In a Montessori classroom, we adhere to the “follow the child” principle: In all we do, we look to bring out your child’s unique potential. Instead of making all elementary school children write about butterflies in spring, we notice a little boy who loves dinosaurs, and encourage him to write, draw and read about T-Rex and Pteranodon and Triceratops. Instead of grading essays with letter grades on a curve, which focus a child’s work on our approval and his performance relative to his peers, we provide detailed, one-on-one feedback on how each child can improve his own work, and encourage children to. edit each other’s work, such learning by teaching. Instead of pushing a barely six-year-old not ready for elementary work up into first grade, or holding back a precocious 5 year old eager to take on greater challenge, we protect each child’s creative potential from harm by giving him an extra half-year in Montessori preschool/kindergarten, or sending him to visit the elementary room a half year early, so that he encounters new work when he is able and excited to meet them joyously.

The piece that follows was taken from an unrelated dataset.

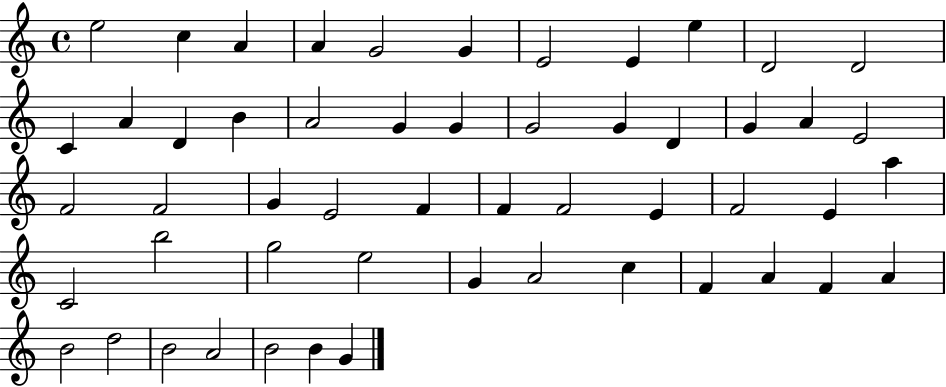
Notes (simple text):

E5/h C5/q A4/q A4/q G4/h G4/q E4/h E4/q E5/q D4/h D4/h C4/q A4/q D4/q B4/q A4/h G4/q G4/q G4/h G4/q D4/q G4/q A4/q E4/h F4/h F4/h G4/q E4/h F4/q F4/q F4/h E4/q F4/h E4/q A5/q C4/h B5/h G5/h E5/h G4/q A4/h C5/q F4/q A4/q F4/q A4/q B4/h D5/h B4/h A4/h B4/h B4/q G4/q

The most profoundly creative act of a child is that of constructing himself into the unique human being he will be. And, as Peter Davidson put it compellingly, Montessori is the best environment for this essential process of self-creation, on which all later creativity rests:
The entire [Montessori] environment was designed to allow for that most creative of all acts—the self-construction of each individual child according to his/her own pattern and pace. That essential creative act, which began at birth and continued throughout their early childhood as they learned to walk, and speak, and care for themselves, continues here unabated in an environment full of the raw materials of self-construction and with the time and freedom to do this important work.